→ **What the task requires**
The answer must be an exact copy of the lines from the top of the listing below through the line with "Hermès Belt with Orange H Buckle - photo 2", with no pictures.

→ **Data for processing**
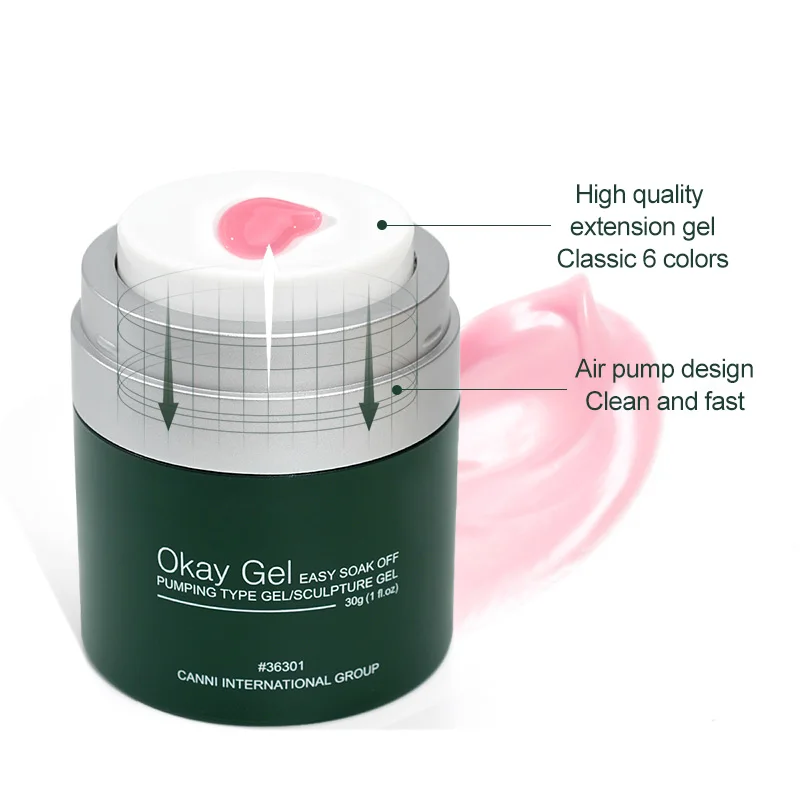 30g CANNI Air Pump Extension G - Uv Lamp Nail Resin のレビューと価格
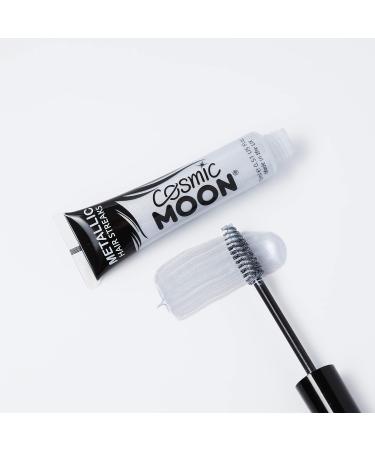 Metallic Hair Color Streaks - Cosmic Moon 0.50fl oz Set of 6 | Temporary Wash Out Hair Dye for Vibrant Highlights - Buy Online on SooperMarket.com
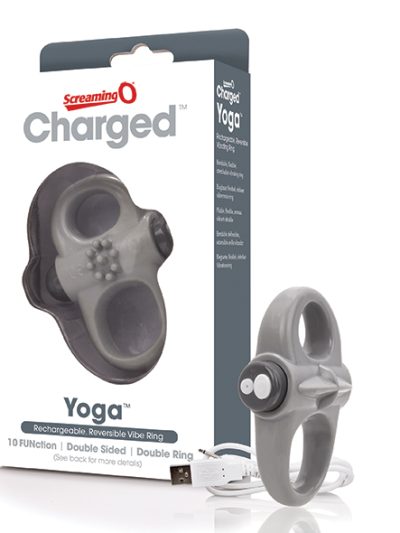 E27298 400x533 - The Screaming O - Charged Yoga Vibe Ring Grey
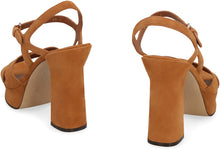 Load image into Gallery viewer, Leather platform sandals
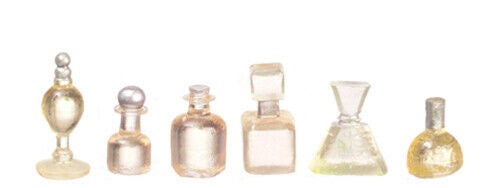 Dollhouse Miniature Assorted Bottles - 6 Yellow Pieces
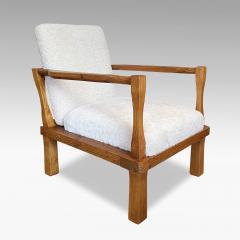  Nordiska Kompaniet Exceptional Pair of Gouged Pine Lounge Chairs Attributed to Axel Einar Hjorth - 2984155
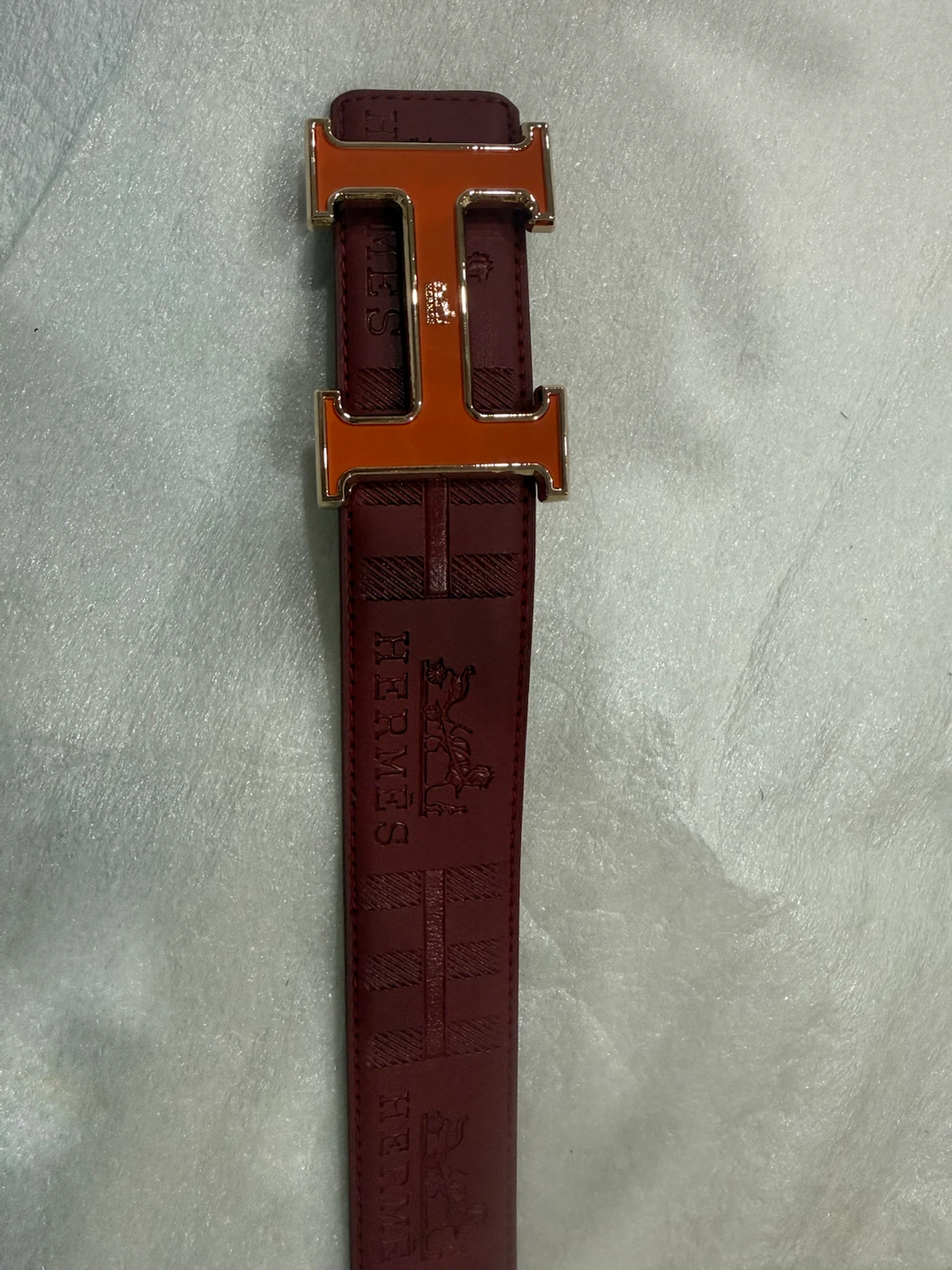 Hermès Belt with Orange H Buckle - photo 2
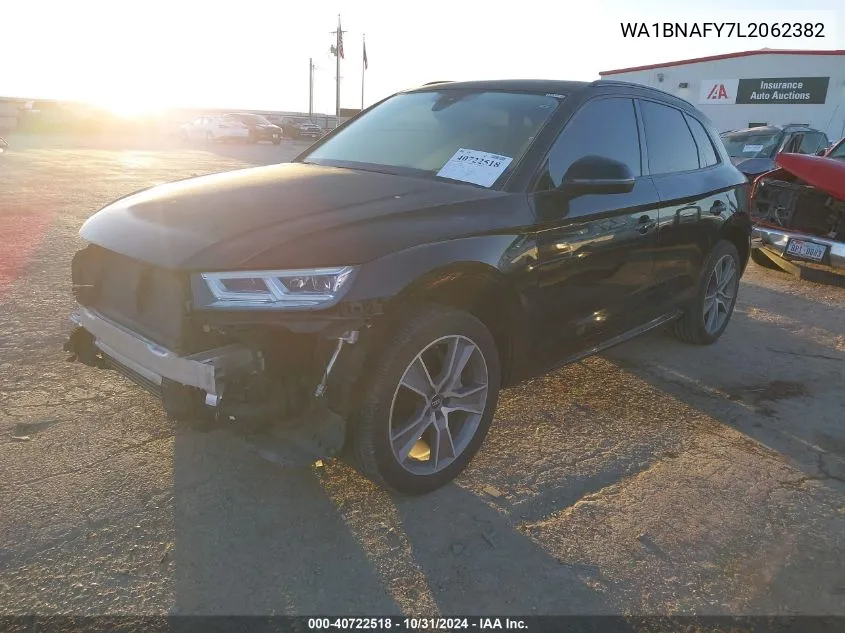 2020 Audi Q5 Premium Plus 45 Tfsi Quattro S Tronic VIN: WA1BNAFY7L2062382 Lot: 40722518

→ **Answer to this exercise**
 30g CANNI Air Pump Extension G - Uv Lamp Nail Resin のレビューと価格
 Metallic Hair Color Streaks - Cosmic Moon 0.50fl oz Set of 6 | Temporary Wash Out Hair Dye for Vibrant Highlights - Buy Online on SooperMarket.com
 E27298 400x533 - The Screaming O - Charged Yoga Vibe Ring Grey
 Load image into Gallery viewer, Leather platform sandals
 Dollhouse Miniature Assorted Bottles - 6 Yellow Pieces
  Nordiska Kompaniet Exceptional Pair of Gouged Pine Lounge Chairs Attributed to Axel Einar Hjorth - 2984155
 Hermès Belt with Orange H Buckle - photo 2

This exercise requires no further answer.